Agatha Christie got her best ideas while eating green apples in the bathtub. Steven Spielberg says he gets his best ideas while driving on the highway. When do you get your best ideas and why do you think this is?
I get my best ideas late at night, either while I am lying in bed waiting to sleep or when I am actually asleep and dreaming.
They say authors have immensely fragile egos… How would you handle negative criticism or a negative review?
Everyone has their opinion and I have to respect that. If they want to learn the details about Richard Sharpe’s fall from grace, then I can tell them and educate them. They may be too stubborn to learn the truth or they may simply not be interested. Even though Richard Sharpe’s trial and incarceration received massive media coverage nationwide, including coverage on Court TV and news shows such as Dateline, a lot of people don’t know his story anymore.
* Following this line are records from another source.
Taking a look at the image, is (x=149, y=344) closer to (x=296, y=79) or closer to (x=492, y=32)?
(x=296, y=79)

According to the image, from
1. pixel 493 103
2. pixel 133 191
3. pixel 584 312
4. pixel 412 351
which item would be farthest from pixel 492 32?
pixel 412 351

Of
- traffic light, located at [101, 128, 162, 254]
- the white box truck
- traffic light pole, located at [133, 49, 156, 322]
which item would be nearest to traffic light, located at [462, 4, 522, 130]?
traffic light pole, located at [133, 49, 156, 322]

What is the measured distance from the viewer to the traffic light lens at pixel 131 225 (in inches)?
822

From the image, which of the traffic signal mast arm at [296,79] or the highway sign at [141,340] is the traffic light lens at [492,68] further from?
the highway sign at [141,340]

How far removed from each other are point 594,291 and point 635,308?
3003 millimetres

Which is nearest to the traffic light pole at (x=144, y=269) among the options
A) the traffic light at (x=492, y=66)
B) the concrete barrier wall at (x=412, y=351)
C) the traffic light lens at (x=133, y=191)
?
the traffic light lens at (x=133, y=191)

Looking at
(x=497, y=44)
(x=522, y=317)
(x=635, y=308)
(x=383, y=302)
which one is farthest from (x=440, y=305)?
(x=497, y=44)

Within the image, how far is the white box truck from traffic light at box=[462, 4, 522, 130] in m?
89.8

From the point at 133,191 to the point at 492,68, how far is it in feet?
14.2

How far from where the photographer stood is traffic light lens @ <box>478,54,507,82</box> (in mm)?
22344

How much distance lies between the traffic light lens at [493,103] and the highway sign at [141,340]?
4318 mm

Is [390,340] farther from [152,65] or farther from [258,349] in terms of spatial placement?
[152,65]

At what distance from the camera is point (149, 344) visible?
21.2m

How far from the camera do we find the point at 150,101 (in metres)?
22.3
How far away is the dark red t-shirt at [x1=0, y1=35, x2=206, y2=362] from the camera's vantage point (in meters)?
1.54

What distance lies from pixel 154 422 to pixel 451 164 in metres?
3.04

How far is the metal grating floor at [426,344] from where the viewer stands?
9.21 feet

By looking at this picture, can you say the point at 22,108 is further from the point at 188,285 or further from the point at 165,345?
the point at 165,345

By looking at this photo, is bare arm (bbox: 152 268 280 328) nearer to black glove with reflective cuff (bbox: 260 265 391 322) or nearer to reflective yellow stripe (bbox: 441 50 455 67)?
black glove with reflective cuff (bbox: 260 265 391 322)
He was incarcerated in 2000. A lot has happened in our world since then. If you want to know his story, what made him tick, then this is it.
Do you have another book on the works? Would you like to tell readers about your current or future projects?
Yes, I am writing an “everything you could possibly want to know about skin and hair care” book, and I am almost done writing a book based on interviews with transgender people. Transgender people make up a large part of my clientele. I’m very excited that so many of them offered to tell me their personal stories of transformation for this project.
Thanks for stopping by! It was a pleasure to have you here!